People v. Calderone

151 Misc. 2d 530 | N.Y. City Crim. Ct. | 1991

OPINION OF THE COURT

Peter J. Benitez, J.

This case requires the court to determine whether an inter*531ested party, the victim of a criminal act or a private attorney representing such person, may prosecute a criminal action against the person alleged to have committed that act.

Defendant is charged in a misdemeanor accusatory instrument with criminal mischief in the fourth degree, in violation of Penal Law § 145.00. This prosecution was commenced on the application of complainant Vincent Riso for a court-ordered summons pursuant to section 50 of the New York City Criminal Court Act based on the filing of the accusatory instrument in the Summons Appearance Part of the Criminal Court. Defendant was served with the summons and arraigned on the accusatory instrument which alleges that he caused damage to the carpet, wall and doors of the condominium building in which Mr. Riso has an interest.

Mr. Riso is a sponsor of the condominium and an officer of its board of directors. Mr. Riso commenced this action on behalf of the board and certain unit owners of the condominium. The criminal action is being prosecuted by the law firm De Maio & Hughes, which represents complainant Mr. Riso and the condominium board in this action. That firm also represents Mr. Riso, the condominium board and a number of unit owners in civil litigation that they have brought against defendant, who is also a unit owner, and other unit owners. Additionally, a member of the law firm is also a member of the condominium board.

Defendant moves to disqualify the firm of De Maio & Hughes from prosecuting this action alleging that its role as prosecutor is not authorized under the County Law, constitutes a conflict of interest, violates defendant’s rights to due process, and violates the Code of Professional Responsibility. Complainant argues that the law firm has no financial interest in the civil or criminal actions apart from its attorney-client relationship with the condominium board and various unit owners and further argues that this action is not being prosecuted under the Criminal Procedure Law, but rather, under the New York City Criminal Court Act.

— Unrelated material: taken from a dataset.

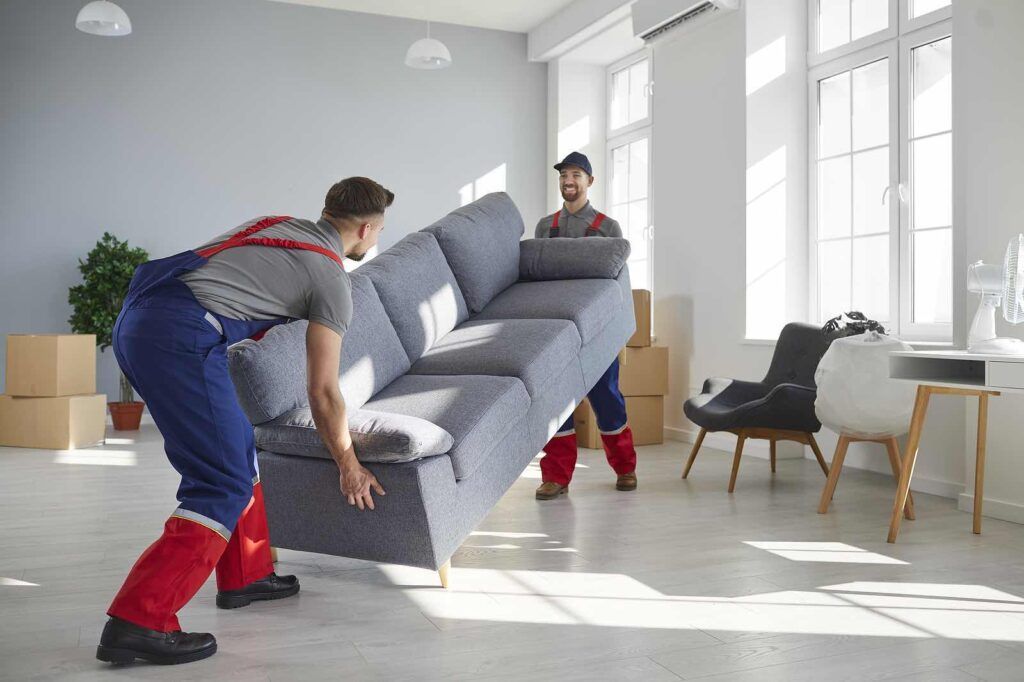 Two movers in blue and red uniforms carry a gray sofa across a bright, modern living room with large windows.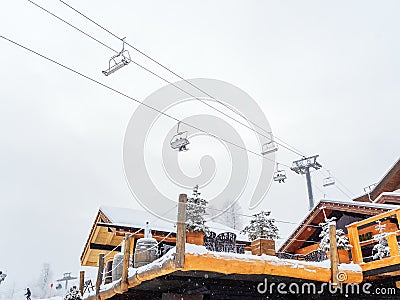 Russia, Sochi 22.01.2020. Chair lift with skiers over wooden cafe with terrace on sky background Editorial Stock Photo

Generally, the District Attorney for the county prosecutes criminal matters in the name of the People of the State of New York. However, pursuant to section 50 of the New York City Criminal Court Act, private persons have, for many years, been permitted to initiate criminal actions in the Summons Appearance Part of the Criminal Court without the participation of the District Attorney. Such actions are com*532menced by the complainant having a clerk of the court prepare an accusatory instrument which is docketed and the court’s issuance of a summons directing that the named defendant appear before the court on a date specified for arraignment on the criminal charges.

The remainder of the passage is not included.